Description of the task: The answer is the full set of records, given again exactly and without images.

(Web page caption snippets)
____________

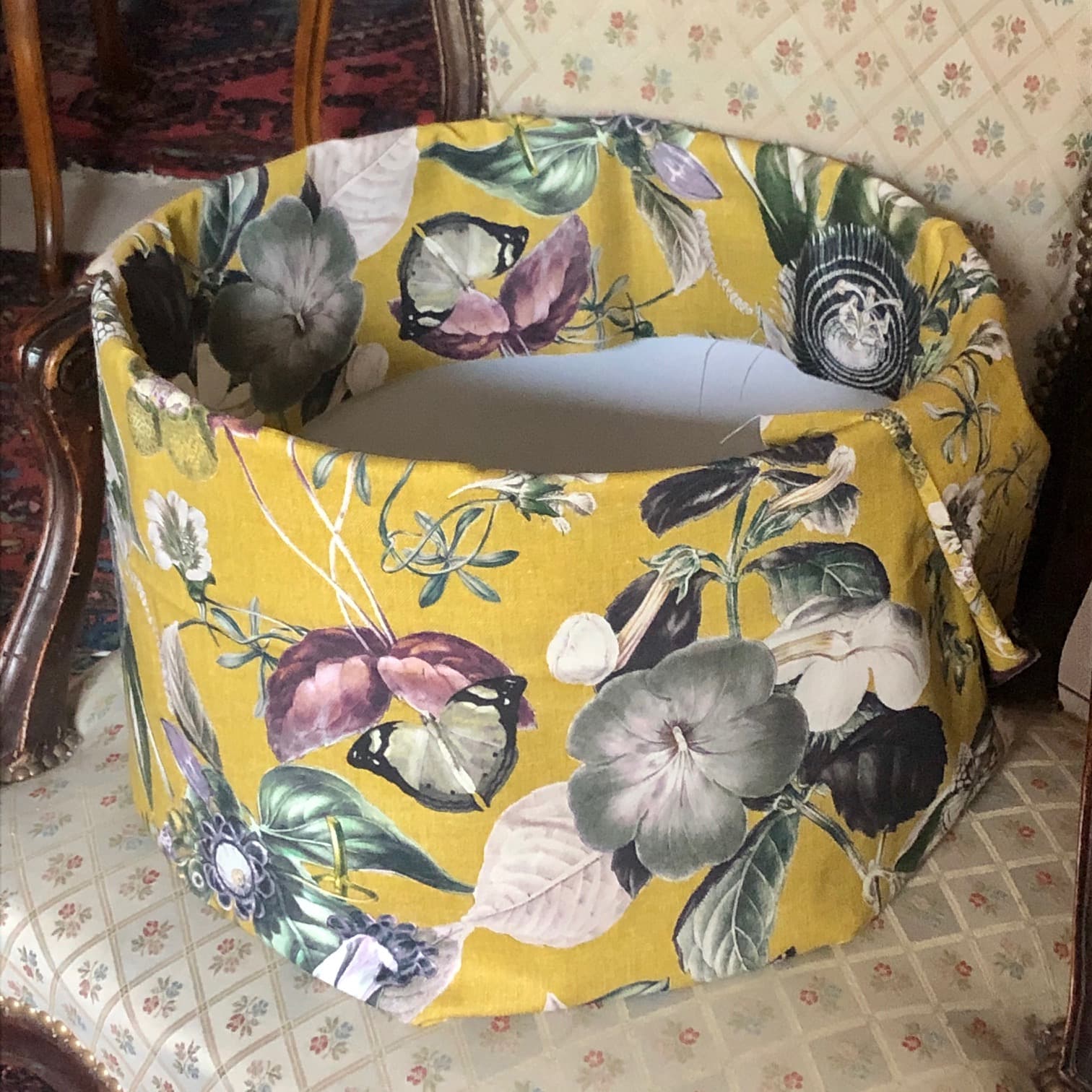 Tissu "passiflore" fond jaune vue 3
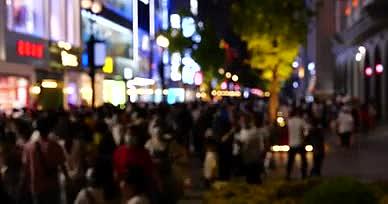 4K夜景繁华街道步行街人山人海行人空境视频的预览图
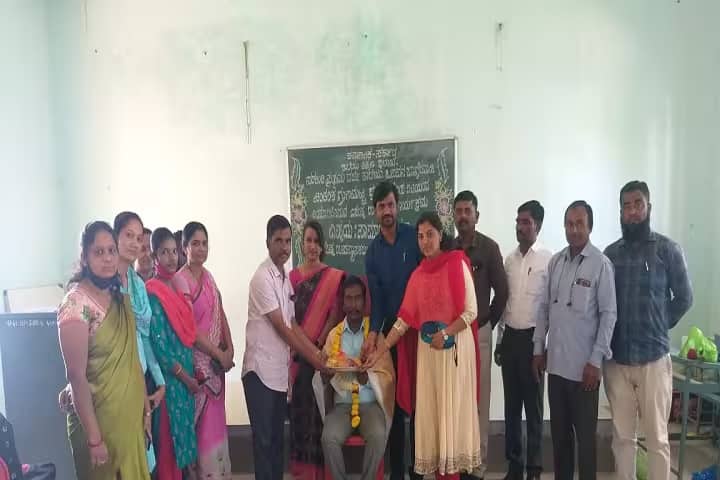 Government First Grade College campus in Basavana Bagewadi, Karnataka, India — photo 4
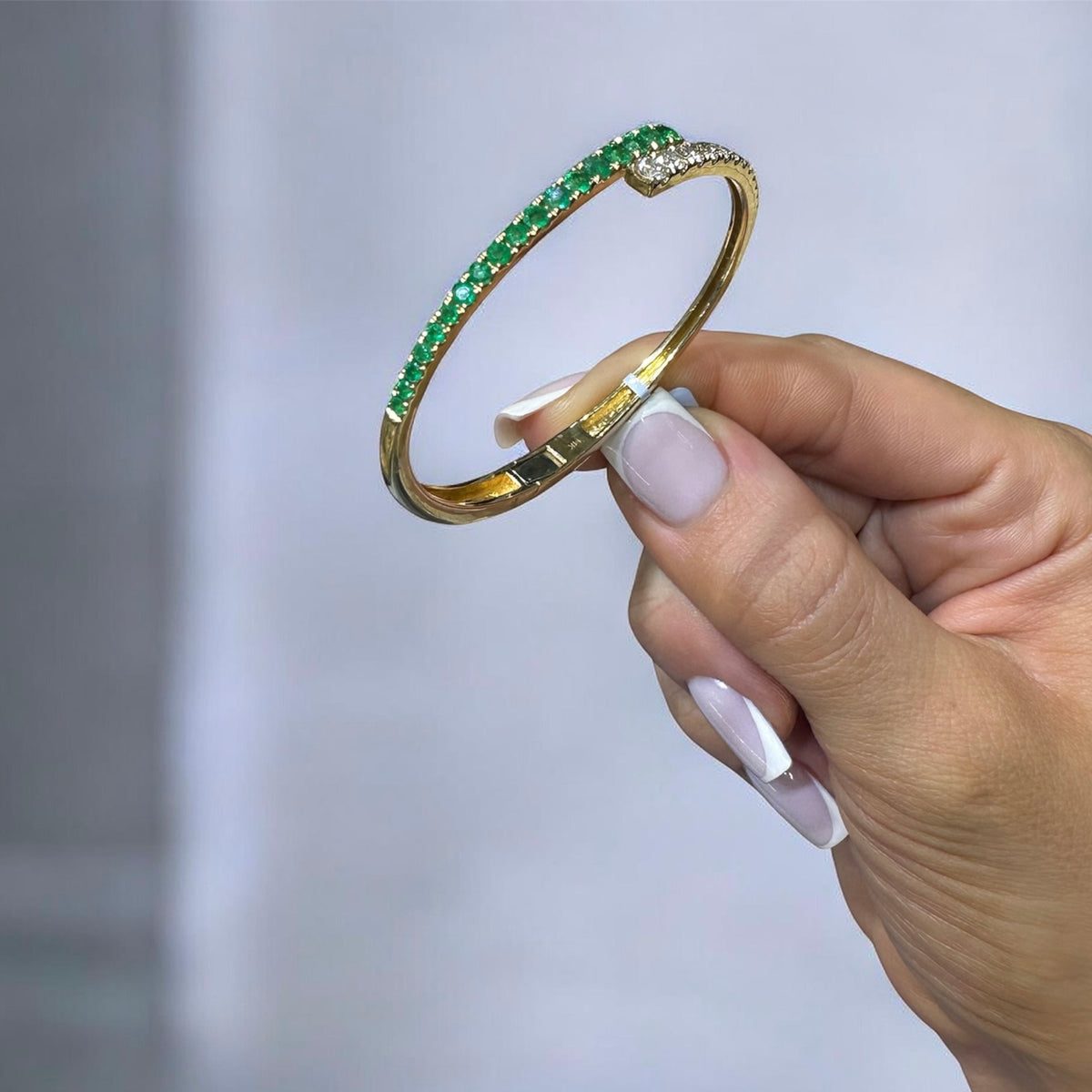 14Kt Yellow Gold Diamond Emerald Bangel bracelet with 1.46ct in Emeralds and 1.48ct rd diamonds GAZT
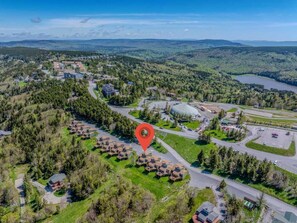 Aerial view - Snowshoe - 5 Bedroom, 3 Bath, Short Walk to Slopes, Across from the Village! (Snowshoe)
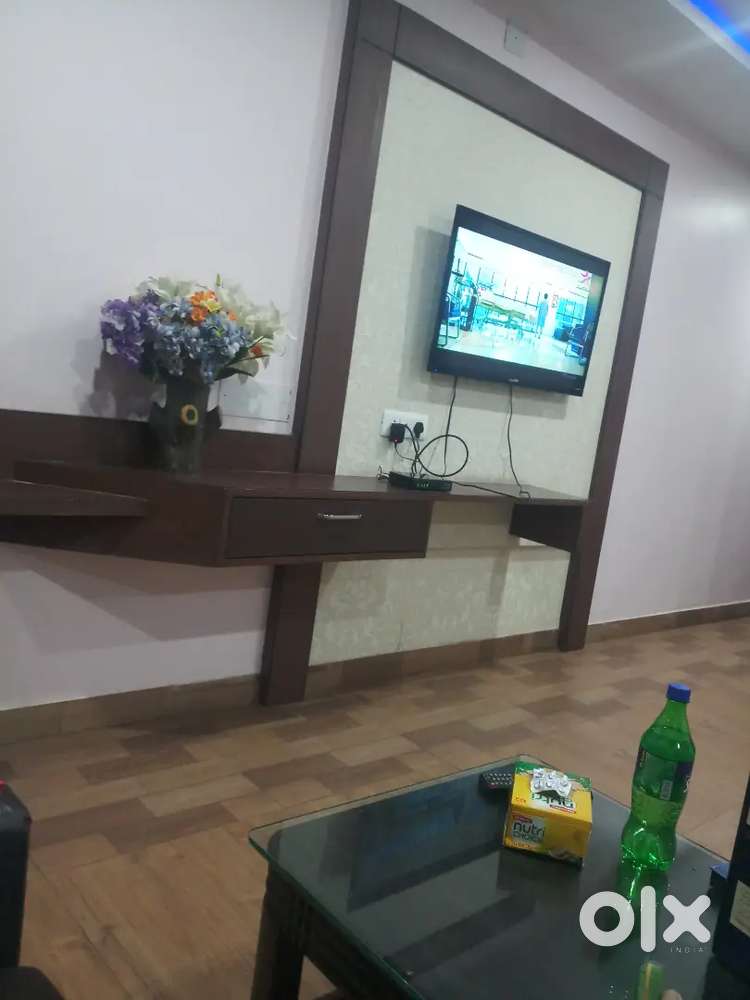 Girls hostel female waden job Age 28 to 40,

____________

Reply:
 Tissu "passiflore" fond jaune vue 3
 4K夜景繁华街道步行街人山人海行人空境视频的预览图
 Government First Grade College campus in Basavana Bagewadi, Karnataka, India — photo 4
 14Kt Yellow Gold Diamond Emerald Bangel bracelet with 1.46ct in Emeralds and 1.48ct rd diamonds GAZT
 Aerial view - Snowshoe - 5 Bedroom, 3 Bath, Short Walk to Slopes, Across from the Village! (Snowshoe)
 Girls hostel female waden job Age 28 to 40,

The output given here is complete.